I've been meaning to mention what I was told many years ago about using rigid
plastics such as acrylics or polycarbonates for vacuum chamber parts. My then
boss, who has a PhD in materials told me sternly that they may work for a
while, but will degrade on the vacuum side and eventually fail, since this will
make a slight veining of that surface. At some point the plastic will start
cracking and implode.
Of course the bigger the span the plastic covers the sooner it will happen.
Not absolutely sure how true it is, but that's what he told me.
--- Mike Brose <puppetsnprops@...
> Tom and Rod....., thanks! My guess is, that from an engineering
> standpoint, a 16"-18" diameter is just too big a span for 1/2" acrylic or
> lexan (stresses the material beyond it's limits), whether is has holes
> drilled in it or not. I have a 10" chamber (my first chamber I built)

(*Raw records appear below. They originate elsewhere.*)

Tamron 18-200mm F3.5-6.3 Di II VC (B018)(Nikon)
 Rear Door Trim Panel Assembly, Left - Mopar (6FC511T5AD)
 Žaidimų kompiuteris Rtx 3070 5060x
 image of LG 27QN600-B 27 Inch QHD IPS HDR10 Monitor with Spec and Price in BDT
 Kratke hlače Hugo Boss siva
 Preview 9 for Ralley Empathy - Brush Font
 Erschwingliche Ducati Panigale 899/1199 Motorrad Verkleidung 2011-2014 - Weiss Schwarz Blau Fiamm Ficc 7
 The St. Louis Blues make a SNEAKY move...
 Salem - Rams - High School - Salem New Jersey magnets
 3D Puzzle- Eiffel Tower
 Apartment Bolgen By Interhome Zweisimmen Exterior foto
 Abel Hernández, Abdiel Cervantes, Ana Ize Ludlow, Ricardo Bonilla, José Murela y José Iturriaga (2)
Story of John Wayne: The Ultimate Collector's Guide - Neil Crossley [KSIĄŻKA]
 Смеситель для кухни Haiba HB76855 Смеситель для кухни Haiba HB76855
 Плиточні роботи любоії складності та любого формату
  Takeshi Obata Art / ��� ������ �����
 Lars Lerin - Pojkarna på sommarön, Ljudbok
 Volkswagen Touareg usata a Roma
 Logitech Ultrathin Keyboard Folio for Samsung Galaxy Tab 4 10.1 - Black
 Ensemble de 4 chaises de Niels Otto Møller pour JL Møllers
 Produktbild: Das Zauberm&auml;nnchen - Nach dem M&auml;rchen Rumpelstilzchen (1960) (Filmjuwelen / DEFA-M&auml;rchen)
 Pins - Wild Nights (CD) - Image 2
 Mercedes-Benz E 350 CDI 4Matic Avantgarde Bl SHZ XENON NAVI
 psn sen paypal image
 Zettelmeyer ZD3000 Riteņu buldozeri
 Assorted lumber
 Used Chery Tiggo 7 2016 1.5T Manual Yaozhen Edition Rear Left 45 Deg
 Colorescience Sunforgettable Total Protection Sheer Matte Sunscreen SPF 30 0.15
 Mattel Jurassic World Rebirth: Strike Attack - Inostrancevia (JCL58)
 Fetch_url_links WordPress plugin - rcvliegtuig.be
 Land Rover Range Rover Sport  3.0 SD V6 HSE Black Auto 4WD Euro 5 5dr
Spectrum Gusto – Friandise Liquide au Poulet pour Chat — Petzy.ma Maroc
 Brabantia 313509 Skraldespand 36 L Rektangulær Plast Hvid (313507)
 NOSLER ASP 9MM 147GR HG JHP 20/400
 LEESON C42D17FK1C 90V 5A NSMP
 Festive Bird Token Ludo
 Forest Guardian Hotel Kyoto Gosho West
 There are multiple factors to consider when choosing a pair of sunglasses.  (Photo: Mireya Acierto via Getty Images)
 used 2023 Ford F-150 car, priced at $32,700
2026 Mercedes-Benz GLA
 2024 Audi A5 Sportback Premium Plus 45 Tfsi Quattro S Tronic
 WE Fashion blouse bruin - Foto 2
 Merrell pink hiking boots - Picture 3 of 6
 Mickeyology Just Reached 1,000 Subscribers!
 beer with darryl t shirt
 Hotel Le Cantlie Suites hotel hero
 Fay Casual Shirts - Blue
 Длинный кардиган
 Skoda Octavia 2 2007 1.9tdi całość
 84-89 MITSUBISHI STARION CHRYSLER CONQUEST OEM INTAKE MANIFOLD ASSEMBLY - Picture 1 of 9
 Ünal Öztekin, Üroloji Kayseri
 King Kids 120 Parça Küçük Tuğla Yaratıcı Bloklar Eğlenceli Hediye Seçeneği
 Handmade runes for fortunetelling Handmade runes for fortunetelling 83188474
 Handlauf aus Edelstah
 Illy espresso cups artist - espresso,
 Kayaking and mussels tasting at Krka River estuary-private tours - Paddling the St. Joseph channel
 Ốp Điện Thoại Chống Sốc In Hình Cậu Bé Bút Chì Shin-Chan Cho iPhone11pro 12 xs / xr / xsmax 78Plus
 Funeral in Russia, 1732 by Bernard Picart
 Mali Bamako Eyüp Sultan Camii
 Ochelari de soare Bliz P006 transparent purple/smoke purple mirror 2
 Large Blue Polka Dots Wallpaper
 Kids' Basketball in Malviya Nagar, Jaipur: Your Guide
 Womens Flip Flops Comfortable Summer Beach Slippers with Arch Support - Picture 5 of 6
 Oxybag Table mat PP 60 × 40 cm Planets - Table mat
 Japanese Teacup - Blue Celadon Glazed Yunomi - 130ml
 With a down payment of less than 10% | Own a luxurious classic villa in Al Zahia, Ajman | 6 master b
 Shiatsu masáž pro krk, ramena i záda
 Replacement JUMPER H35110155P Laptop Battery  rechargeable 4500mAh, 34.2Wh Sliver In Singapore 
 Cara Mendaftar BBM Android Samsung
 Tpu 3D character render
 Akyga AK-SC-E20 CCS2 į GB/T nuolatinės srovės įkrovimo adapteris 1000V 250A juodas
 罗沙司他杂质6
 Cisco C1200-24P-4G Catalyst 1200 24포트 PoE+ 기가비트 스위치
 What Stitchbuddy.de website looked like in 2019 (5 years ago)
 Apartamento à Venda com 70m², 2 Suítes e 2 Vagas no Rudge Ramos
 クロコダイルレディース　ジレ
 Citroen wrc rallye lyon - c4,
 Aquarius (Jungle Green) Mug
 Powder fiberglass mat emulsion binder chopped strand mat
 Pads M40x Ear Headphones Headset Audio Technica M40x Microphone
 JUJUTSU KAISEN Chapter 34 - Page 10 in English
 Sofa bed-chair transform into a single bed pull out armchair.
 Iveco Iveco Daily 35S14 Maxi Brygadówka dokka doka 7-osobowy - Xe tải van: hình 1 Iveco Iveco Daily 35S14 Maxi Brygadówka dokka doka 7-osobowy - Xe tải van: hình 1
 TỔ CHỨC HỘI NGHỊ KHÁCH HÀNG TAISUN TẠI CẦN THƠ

> that has a 3/4" acrylic lid which has never failed in 10-12 years of use.
> The lid really does not flex (it does have holes in it however, as I
> didn't even think about that back then). My other chamber is 12" diameter
> with a 1/2" lexan lid. It flexes some, but not very much. I suspect
> there's probably a rule of thumb or formula (an engineer could probably
> tell us what it would be) for how thick a (non metal) lid needs to be for
> a given diameter, to be within a safe range.
> I do however understand how Rod feels about it after 3 lids imploding.
> And that last one. Yikes!
> thanks again for the feedback guys.